Are you beginning to become a bit more curious now? Couple those intriguing situations with short, direct, and yet evocative prose. Borges did not create characters as much as he allowed readers to become the characters. In one famous story, “Pierre Menard,” he had the titular character attempt not the copying of Cervantes’ Don Quixote, but instead for Menard to become Cervantes, writing Don Quixote anew in the 20th century, with so many subtextual meanings contained within that fact. His stories often feel like dreams, and this is most especially true in his 1960 story, “Dreamtigers,” which at barely a page is one of the most moving representations of the power of dreams that I have ever read.
Too often people praise Borges as being a “genius,” forgetting that such labels can make several readers feel as though they would have to climb a literary Mount Everest to understand what is transpiring. Borges’ writings are not like that. If anything, his “genius” is that he created so many wonderful stories that are at their hearts just simple musings that you or I might have during a daydream. It is not hard at all to follow what is being said, as he writes beautifully, but in a very clear and direct prose that is devoid of florid speech. Instead, Borges allows us to complete the dots, cross the T’s, and to forge our own understandings of what has transpired. It is this ability of us completing and interpreting his written-down prose/dreams that makes for a rather unique reading experience, one that is fantastical in so many senses of the word. Borges wrote fantasies, not those set in a sub-created imagined place, but instead those that exist as remembrances of dreams, dreams that have the power to move us still. If you’ve ever had a vivid dream and tried to share it with another, if you’ve ever wanted to allow your imagination to wander unfettered along dreamscapes, then Jorge Luis Borges is the author for you.

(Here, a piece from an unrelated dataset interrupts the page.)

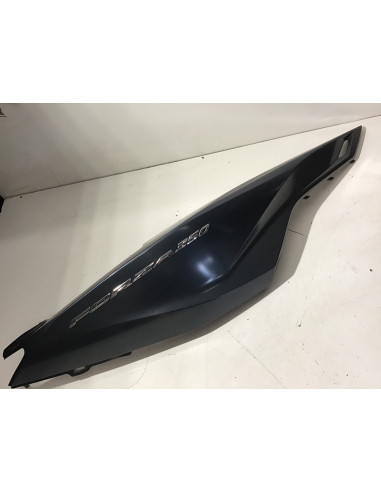 Flanc de selle droit HONDA FORZA 350 NSS - 2020/2024 - 83500-KOB-T000 Occasion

I can not tell you how long he’s been on my list! This is exactly the kind of stuff I love most about speculative fiction and I’ve known for a long time that I must read Borges and just haven’t managed to yet.
I just finished Wolfe’s The Book of the New Sun, so I’m inspired to pick up Borges very soon. Thanks, Larry!!
I suspect you could make quite an extensive list of fictional blind librarians inspired by Borges. Kat will correct me if I’m wrong, but I think Severian actually meets a blind librarian near the start of Gene Wolfe’s Book of the New Sun. I’m pretty sure there’s one in Umberto Eco’s The Name of the Rose as well.